[tvm] branch main updated: [BugFix][TIR] Fix multi-grouped multi-warp allreduce (#15399)

tqchen Tue, 25 Jul 2023 07:55:52 -0700

This is an automated email from the ASF dual-hosted git repository.

tqchen pushed a commit to branch main
in repository https://gitbox.apache.org/repos/asf/tvm.git



The following commit(s) were added to refs/heads/main by this push:
     new 236eb31f09 [BugFix][TIR] Fix multi-grouped multi-warp allreduce 
(#15399)
236eb31f09 is described below

commit 236eb31f09e998ade8bbb395cf6b9de1032dd9c3
Author: Ruihang Lai <[email protected]>
AuthorDate: Tue Jul 25 07:54:49 2023 -0700

    [BugFix][TIR] Fix multi-grouped multi-warp allreduce (#15399)
    
    PR #15327 and #15373 introduced multi-warp allreduce implementation.
    At the time of the introduction, I tested the correctness numerically
    via the workload of "taking a matrix of ones as input, computing the
    summation over each row". Both PR passed this numerical tess, while
    I didn't realize that this test is not complete and cannot guarantee
    the correctness.
    
    The previous implementation has bug which can be tested by turning
    the input matrix from ones to random floating-point numbers.

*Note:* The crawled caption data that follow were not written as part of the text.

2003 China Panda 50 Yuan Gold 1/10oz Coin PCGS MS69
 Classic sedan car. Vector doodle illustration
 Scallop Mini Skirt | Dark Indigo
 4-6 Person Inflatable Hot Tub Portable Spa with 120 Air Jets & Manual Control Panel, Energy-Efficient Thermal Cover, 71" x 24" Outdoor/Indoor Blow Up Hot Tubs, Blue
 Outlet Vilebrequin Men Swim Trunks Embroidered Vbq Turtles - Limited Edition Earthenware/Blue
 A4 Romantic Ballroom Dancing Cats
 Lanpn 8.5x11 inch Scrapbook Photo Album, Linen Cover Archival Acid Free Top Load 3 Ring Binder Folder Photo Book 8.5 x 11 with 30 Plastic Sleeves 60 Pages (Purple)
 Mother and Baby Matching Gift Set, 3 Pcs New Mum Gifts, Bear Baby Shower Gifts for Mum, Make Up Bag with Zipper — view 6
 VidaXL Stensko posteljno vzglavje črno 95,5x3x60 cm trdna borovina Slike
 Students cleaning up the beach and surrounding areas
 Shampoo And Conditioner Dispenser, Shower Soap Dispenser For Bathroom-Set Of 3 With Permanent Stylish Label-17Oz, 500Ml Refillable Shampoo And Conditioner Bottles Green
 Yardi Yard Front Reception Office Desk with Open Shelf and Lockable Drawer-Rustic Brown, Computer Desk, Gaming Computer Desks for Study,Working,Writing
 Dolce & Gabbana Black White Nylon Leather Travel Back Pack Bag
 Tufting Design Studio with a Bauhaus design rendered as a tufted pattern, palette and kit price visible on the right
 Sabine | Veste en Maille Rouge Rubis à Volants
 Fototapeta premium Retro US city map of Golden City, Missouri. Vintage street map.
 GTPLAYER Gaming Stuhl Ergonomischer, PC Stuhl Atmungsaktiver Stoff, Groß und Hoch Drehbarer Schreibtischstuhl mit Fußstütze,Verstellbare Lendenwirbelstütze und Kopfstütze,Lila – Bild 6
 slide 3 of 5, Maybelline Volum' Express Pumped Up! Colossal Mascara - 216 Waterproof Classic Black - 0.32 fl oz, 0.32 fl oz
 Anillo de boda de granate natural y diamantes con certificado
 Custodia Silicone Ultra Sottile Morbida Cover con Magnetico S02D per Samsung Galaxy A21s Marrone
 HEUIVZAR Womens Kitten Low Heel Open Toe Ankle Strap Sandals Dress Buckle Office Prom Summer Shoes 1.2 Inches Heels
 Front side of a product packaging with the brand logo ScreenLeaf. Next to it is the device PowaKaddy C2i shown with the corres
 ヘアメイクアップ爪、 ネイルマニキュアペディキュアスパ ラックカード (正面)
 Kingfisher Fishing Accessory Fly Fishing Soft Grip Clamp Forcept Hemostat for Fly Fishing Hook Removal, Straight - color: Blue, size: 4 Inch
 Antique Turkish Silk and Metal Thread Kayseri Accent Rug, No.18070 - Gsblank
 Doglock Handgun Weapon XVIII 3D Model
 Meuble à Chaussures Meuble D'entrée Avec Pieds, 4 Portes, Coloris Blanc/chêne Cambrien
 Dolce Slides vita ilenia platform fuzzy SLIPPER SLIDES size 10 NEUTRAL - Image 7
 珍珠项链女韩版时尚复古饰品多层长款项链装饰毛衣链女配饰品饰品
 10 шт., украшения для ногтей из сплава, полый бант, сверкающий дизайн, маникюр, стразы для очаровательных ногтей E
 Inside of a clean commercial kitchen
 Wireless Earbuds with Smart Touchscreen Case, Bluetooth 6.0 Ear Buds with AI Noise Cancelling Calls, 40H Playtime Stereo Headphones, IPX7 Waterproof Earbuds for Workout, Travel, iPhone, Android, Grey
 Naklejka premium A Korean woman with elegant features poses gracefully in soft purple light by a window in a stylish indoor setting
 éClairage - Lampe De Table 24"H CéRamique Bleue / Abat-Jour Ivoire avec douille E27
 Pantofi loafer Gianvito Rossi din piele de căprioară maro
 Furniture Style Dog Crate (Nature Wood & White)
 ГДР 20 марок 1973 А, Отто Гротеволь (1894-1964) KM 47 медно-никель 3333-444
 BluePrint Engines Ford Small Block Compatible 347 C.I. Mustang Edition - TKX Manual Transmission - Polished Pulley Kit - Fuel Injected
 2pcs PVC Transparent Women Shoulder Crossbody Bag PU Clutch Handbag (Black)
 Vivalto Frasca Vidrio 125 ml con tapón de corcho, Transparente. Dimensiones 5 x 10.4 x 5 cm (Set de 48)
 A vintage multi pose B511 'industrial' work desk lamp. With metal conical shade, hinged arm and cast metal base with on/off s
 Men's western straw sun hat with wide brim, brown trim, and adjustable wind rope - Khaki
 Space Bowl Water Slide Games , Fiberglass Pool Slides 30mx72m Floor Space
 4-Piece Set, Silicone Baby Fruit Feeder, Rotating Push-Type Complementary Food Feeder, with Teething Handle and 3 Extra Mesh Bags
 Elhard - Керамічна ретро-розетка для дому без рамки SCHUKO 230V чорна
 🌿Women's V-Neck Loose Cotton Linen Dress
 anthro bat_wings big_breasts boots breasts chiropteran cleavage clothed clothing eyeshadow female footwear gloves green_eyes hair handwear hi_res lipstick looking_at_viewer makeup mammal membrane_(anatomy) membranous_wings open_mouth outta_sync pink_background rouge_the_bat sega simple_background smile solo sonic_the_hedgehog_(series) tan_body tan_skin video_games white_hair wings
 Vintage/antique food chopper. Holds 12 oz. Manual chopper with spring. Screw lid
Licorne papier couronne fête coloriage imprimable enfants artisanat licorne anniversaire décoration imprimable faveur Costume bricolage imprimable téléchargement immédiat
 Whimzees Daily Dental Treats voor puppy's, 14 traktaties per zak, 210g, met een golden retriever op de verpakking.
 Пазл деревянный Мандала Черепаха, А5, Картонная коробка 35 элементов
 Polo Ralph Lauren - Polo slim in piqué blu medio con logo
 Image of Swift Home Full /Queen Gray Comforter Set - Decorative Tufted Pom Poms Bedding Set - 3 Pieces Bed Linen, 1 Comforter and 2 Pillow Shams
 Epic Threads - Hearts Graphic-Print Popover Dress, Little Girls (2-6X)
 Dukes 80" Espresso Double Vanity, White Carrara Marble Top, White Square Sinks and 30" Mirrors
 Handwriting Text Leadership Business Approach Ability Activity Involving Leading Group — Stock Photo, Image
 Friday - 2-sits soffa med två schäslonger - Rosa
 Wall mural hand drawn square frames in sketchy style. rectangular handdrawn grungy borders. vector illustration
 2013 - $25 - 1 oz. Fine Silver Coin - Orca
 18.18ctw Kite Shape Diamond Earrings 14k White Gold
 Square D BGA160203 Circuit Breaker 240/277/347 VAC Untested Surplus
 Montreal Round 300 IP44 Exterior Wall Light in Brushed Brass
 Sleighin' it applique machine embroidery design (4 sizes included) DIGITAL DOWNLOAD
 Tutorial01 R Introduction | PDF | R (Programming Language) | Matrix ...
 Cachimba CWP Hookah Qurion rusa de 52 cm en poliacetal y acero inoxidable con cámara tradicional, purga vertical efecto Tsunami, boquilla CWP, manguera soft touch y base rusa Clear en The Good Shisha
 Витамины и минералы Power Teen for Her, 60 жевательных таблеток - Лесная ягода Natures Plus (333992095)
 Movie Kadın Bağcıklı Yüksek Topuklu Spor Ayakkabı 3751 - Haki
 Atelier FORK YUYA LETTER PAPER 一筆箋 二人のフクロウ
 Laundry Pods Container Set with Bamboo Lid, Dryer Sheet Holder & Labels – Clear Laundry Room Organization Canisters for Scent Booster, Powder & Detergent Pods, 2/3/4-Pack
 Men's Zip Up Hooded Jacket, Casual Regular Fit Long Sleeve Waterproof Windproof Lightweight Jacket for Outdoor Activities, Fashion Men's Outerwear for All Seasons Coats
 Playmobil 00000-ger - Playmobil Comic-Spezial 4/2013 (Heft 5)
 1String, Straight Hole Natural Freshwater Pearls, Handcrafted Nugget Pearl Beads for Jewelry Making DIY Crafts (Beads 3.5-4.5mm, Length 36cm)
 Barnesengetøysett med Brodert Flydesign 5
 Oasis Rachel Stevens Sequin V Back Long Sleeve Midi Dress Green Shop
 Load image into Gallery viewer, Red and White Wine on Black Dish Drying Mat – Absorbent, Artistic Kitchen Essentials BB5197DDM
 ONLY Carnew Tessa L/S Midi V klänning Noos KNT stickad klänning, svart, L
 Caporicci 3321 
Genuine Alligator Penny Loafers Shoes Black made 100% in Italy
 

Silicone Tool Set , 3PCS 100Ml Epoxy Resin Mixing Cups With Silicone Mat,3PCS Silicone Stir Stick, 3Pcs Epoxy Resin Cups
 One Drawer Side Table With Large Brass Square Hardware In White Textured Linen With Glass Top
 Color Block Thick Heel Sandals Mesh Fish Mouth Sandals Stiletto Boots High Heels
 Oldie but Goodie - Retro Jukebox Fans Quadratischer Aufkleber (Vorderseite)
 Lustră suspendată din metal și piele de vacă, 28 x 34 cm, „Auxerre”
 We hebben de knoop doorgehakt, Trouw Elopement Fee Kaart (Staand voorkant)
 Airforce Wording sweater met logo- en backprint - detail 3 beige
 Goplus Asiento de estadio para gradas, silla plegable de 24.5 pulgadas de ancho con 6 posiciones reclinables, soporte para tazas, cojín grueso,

This will
    expose the issues of the previous implementation.
    
    Therefore, this PR fixes the issues, and add the numerical tests
    for multi-warp allreduce into `test_allreduce_cuda.py`. By reducing
    some of the redundant tests in that file, we hope this can reduce the
    testing time a bit while still guarantee the correctness.
    
    Sorry for not testing the implementation completely before.
---
 src/tir/transforms/lower_thread_allreduce.cc       | 38 ++++++++++++----------
 ...rp_reduction_cuda.py => test_allreduce_cuda.py} |  8 +++--
 .../test_tir_transform_lower_thread_all_reduce.py  | 24 ++++++++------
 3 files changed, 40 insertions(+), 30 deletions(-)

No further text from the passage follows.